Wrongfully deported man ate from trash cans, bathed in rivers

Pedro Guzman and MotherFrom the Associated Press
August 8, 2007

Photo by: Reed Saxon, AP

U.S. citizen sent to Mexico after trespassing arrest in May.

LOS ANGELES A wrongly deported U.S. citizen who was missing nearly three months in Mexico ate out of garbage cans, bathed in rivers and was repeatedly turned away by U.S. border agents when he tried to return to California, his family said Tuesday.

Pedro Guzman, 29, was picked up at the Calexico border crossing over the weekend and released to his family on Tuesday.

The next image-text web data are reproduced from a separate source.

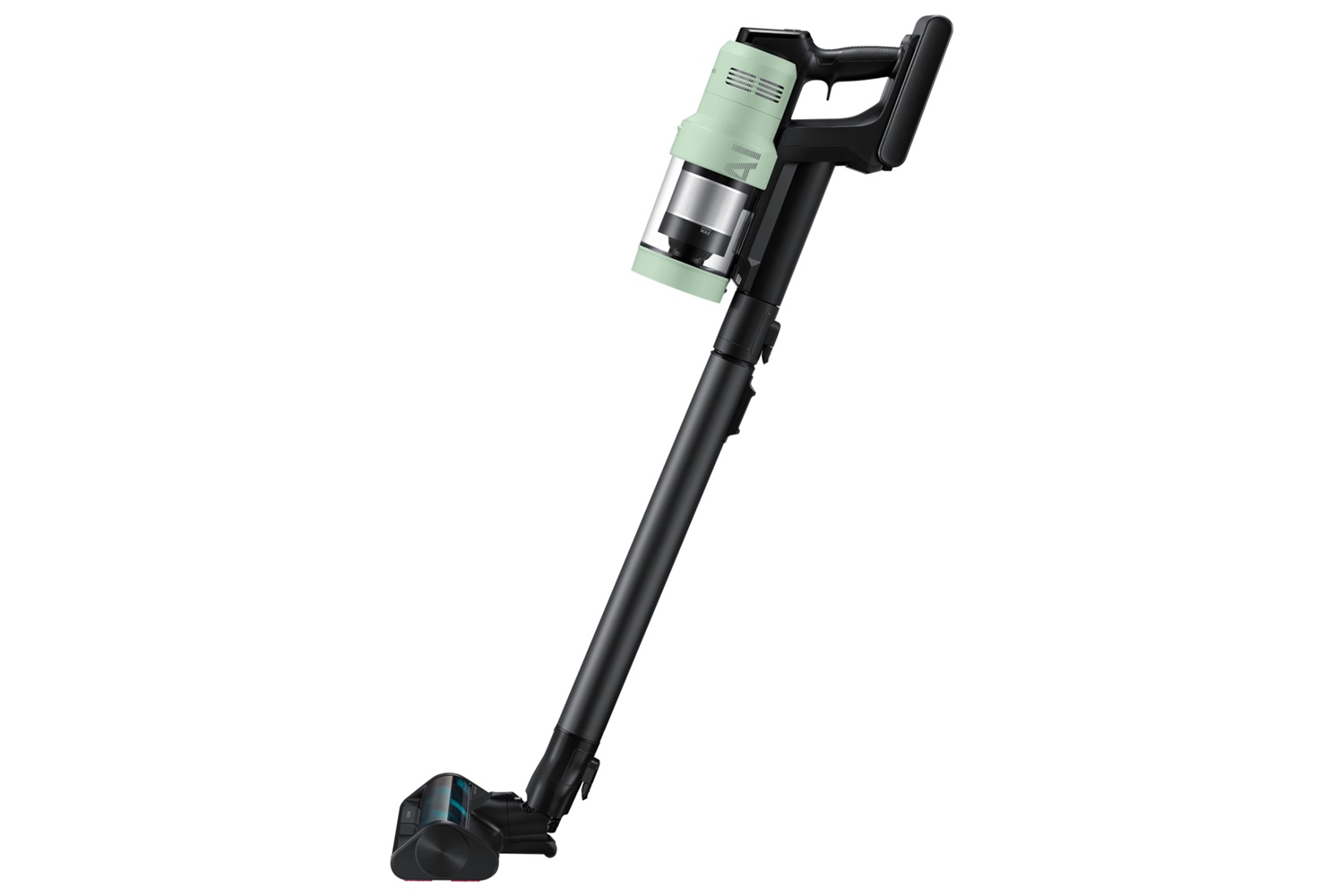 Samsung Aspirapolvere senza filo BESPOKE Jet™ AI Ultra complete extra 400W VS90F40DEM/WA - Fino a 160 Min di Autonomia, Clean Station, Satin Mint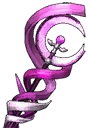 Crescent Staff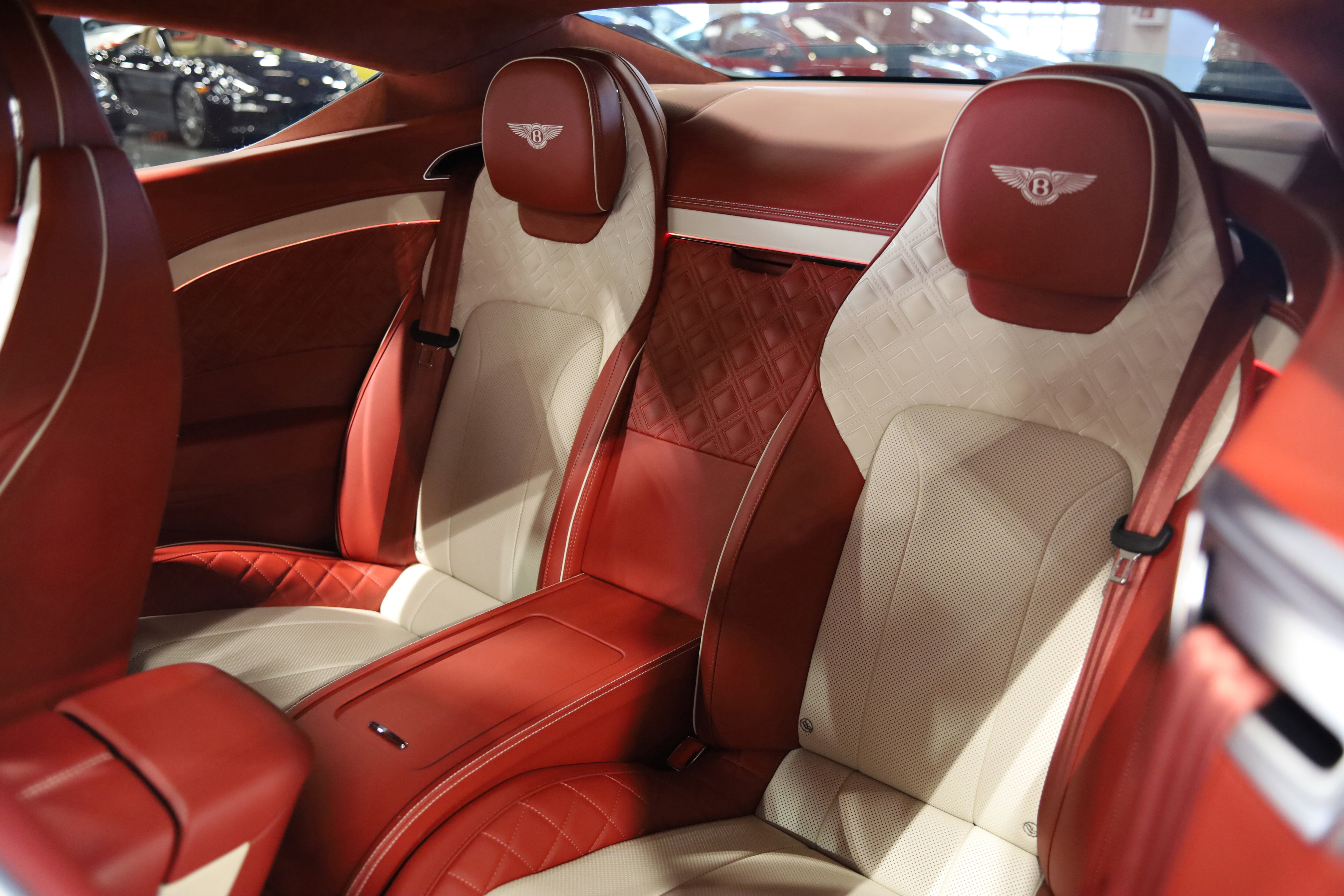 2021 Bentley Continental GT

Guzman was shaking, stuttering and appeared traumatized, his family said at a news conference. The family said it planned to seek medical attention for Guzman, who was not at the news conference.

“They took him whole, but only returned half of him to me,” his mother, Maria Carbajal, said in Spanish while crying. “The government is responsible for this.”

The family had been searching for Guzman in Tijuana since he was deported May 11.

They said Guzman told them Tuesday that he had tried to return to the United States several times, but was turned away. He walked over 100 miles to Calexico, the family said.

“The border guards told him to ‘stop playing around,’ said Michael Guzman, the man’s brother.